# [Your goal]
Find the line with "Hello Kitty. Educational" in the records below. Output exactly from there until after the line with "چراغ قوه|لامپ و چراغ|تربت‌حیدریه, منظر|دیوار", without pictures.
*** Given records Section Begins ***
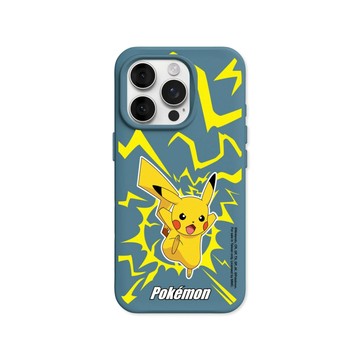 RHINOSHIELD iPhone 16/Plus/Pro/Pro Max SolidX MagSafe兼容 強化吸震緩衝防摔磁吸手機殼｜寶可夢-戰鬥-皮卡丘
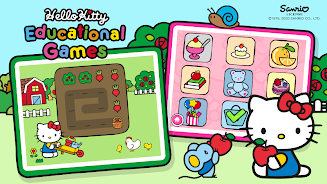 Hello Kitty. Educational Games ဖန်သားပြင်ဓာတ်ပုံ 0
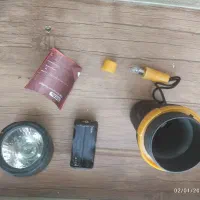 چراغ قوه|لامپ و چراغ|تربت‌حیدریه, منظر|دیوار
*** Given records Section Ends ***
*** Given records Section Begins ***
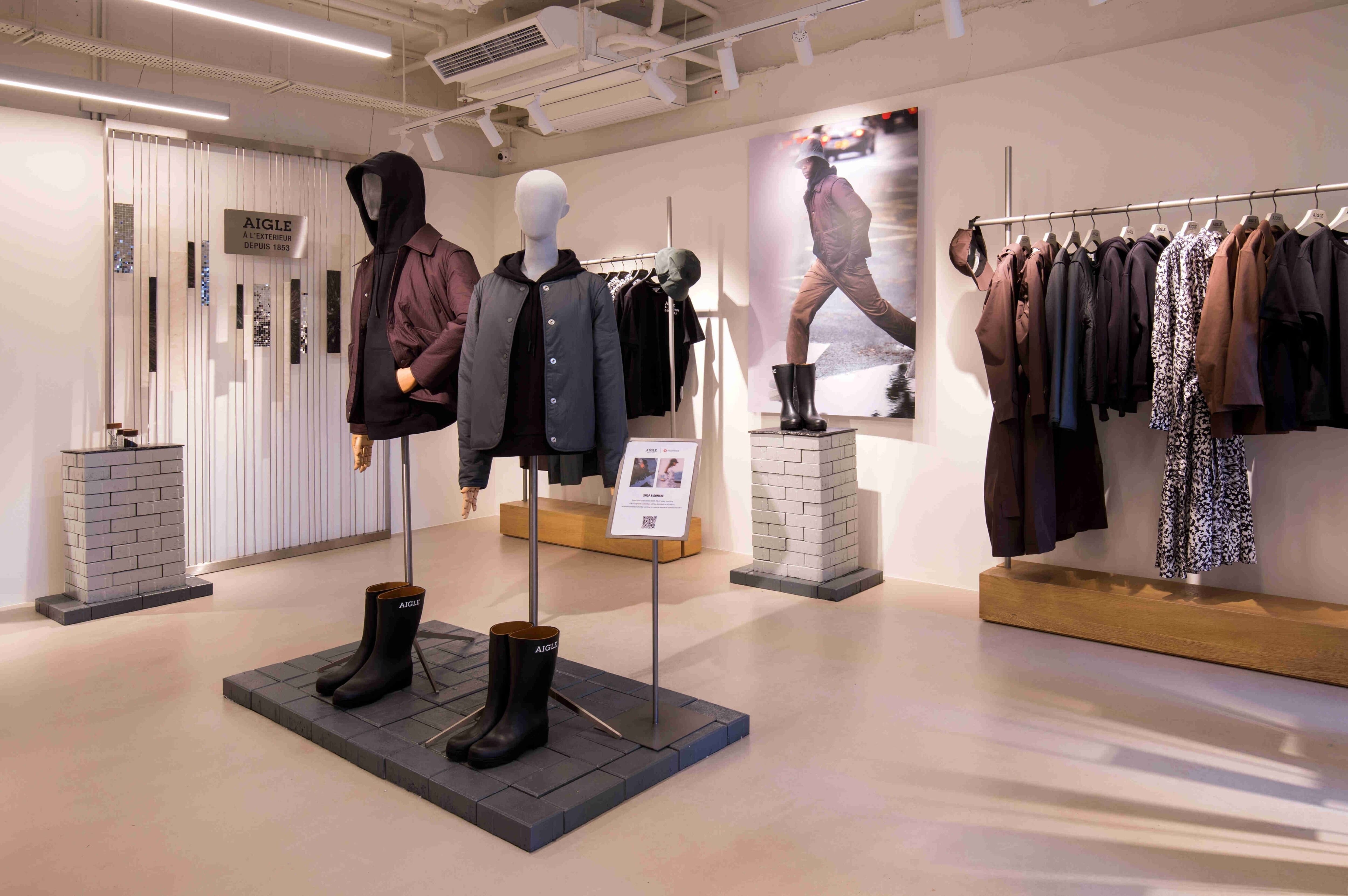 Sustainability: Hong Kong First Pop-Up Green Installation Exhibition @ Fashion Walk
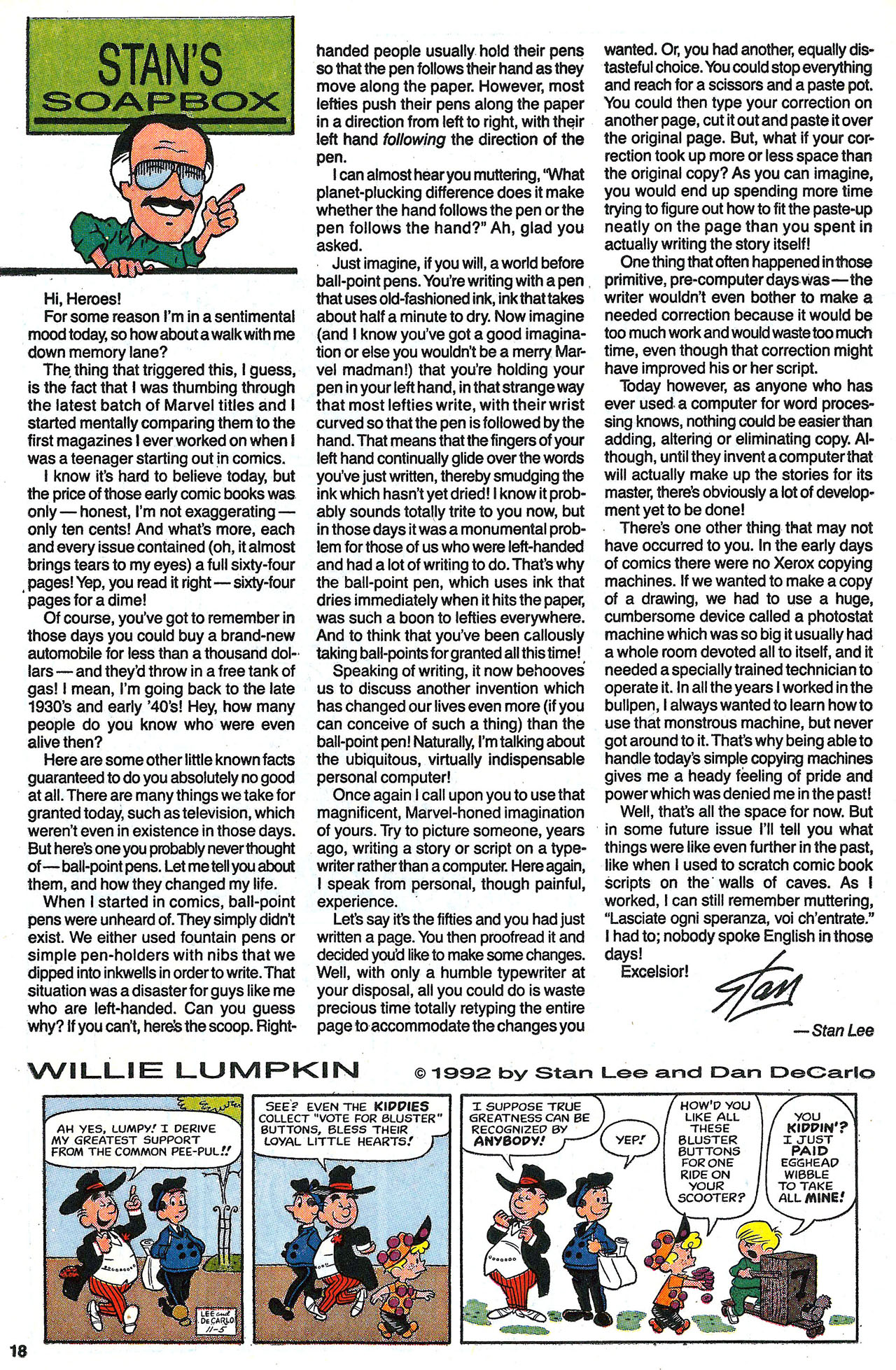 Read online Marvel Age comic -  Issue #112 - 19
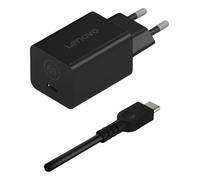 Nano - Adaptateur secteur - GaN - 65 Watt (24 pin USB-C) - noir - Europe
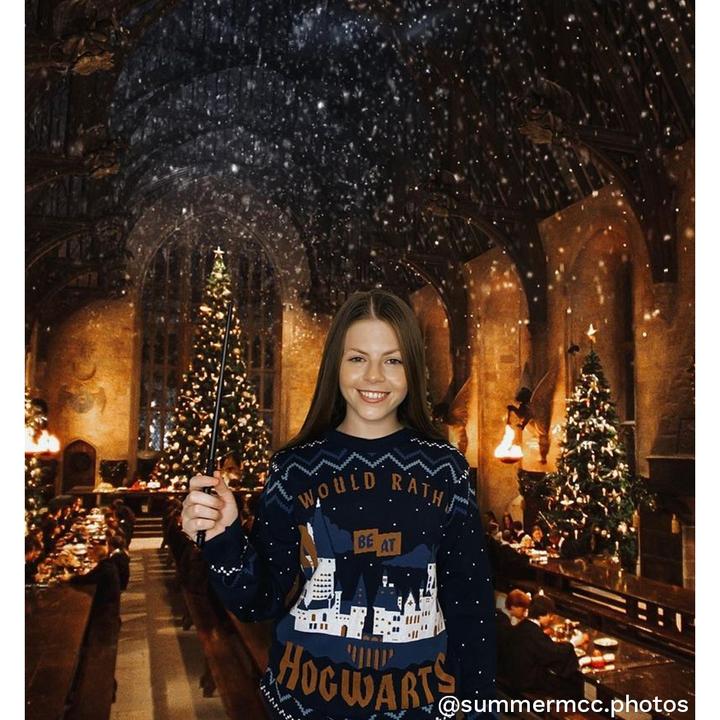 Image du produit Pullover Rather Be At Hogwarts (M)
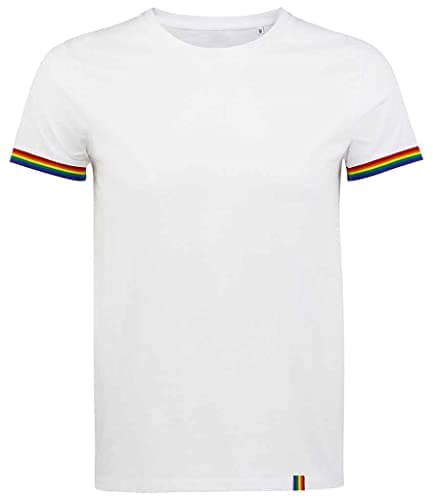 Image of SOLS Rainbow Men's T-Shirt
*** Given records Section Ends ***
# [Answer to the problem]
 Hello Kitty. Educational Games ဖန်သားပြင်ဓာတ်ပုံ 0
 چراغ قوه|لامپ و چراغ|تربت‌حیدریه, منظر|دیوار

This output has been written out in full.